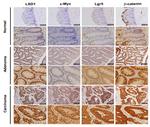 LGR5 Antibody in Immunohistochemistry (Paraffin) (IHC (P))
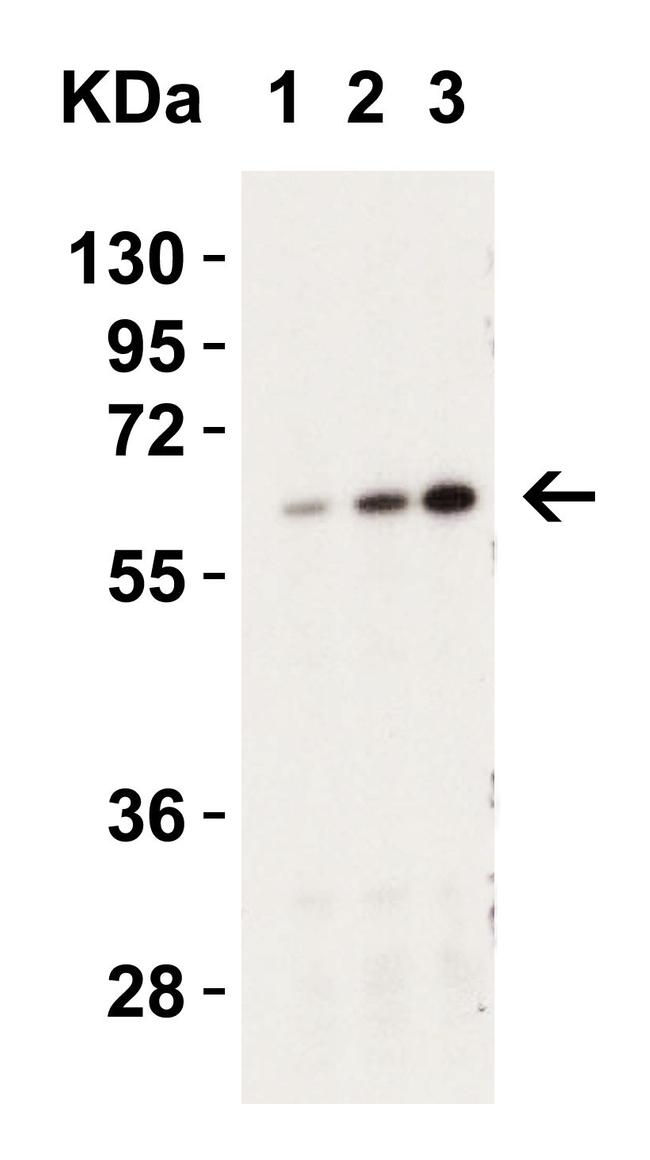 Caspase 9 Antibody in Western Blot (WB)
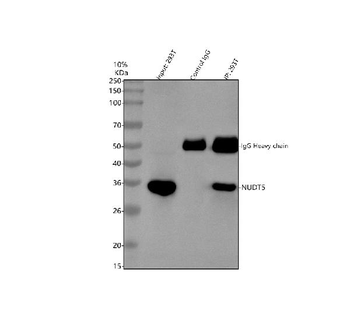 NUDT5 Rabbit Polyclonal Antibody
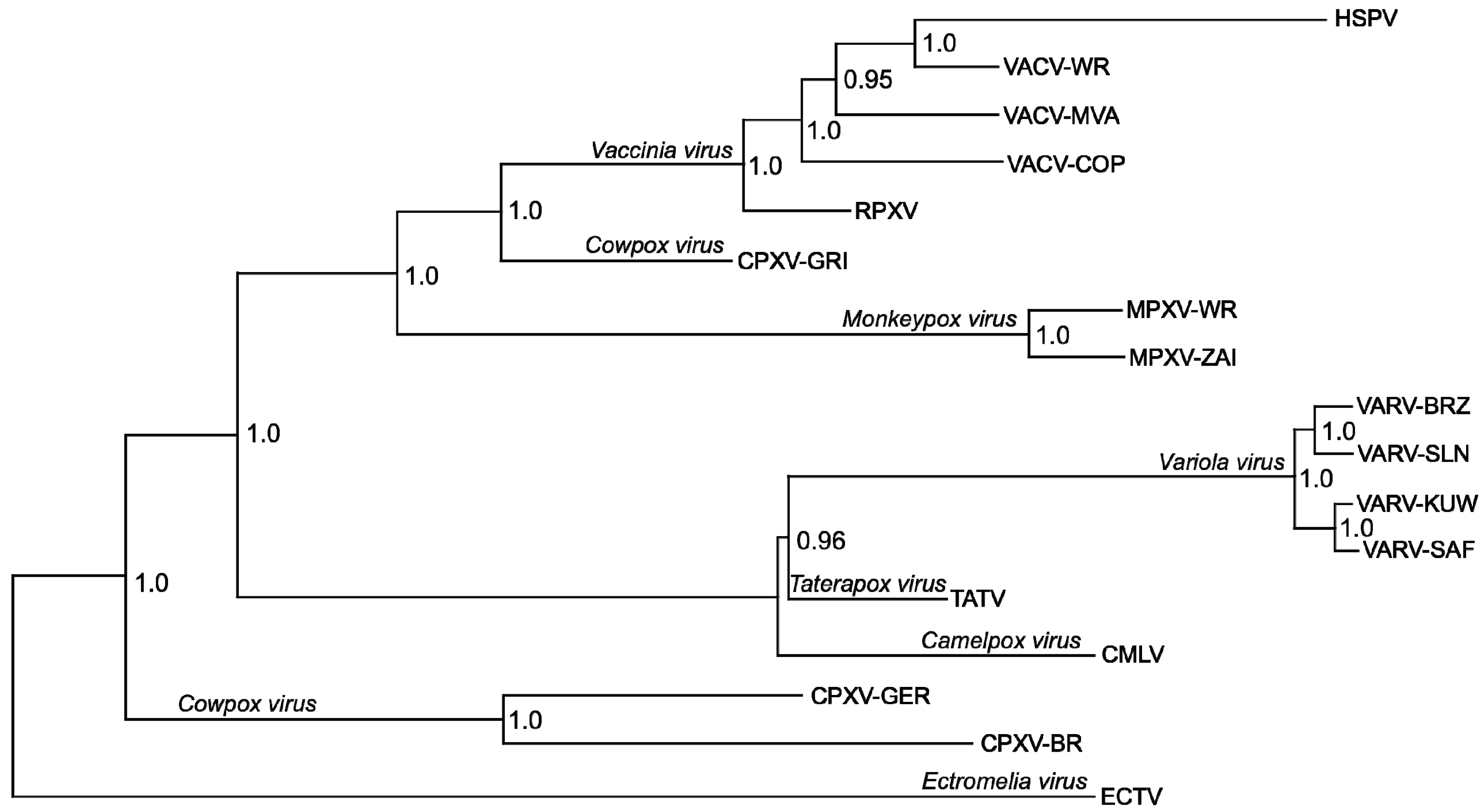 Viruses 02 01933 g006 Viruses 02 01933 g006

* **Prompt**: Copy each line of the listing exactly, skipping any picture.

* **Result of the task**:
 LGR5 Antibody in Immunohistochemistry (Paraffin) (IHC (P))
 Caspase 9 Antibody in Western Blot (WB)
 NUDT5 Rabbit Polyclonal Antibody
 Viruses 02 01933 g006 Viruses 02 01933 g006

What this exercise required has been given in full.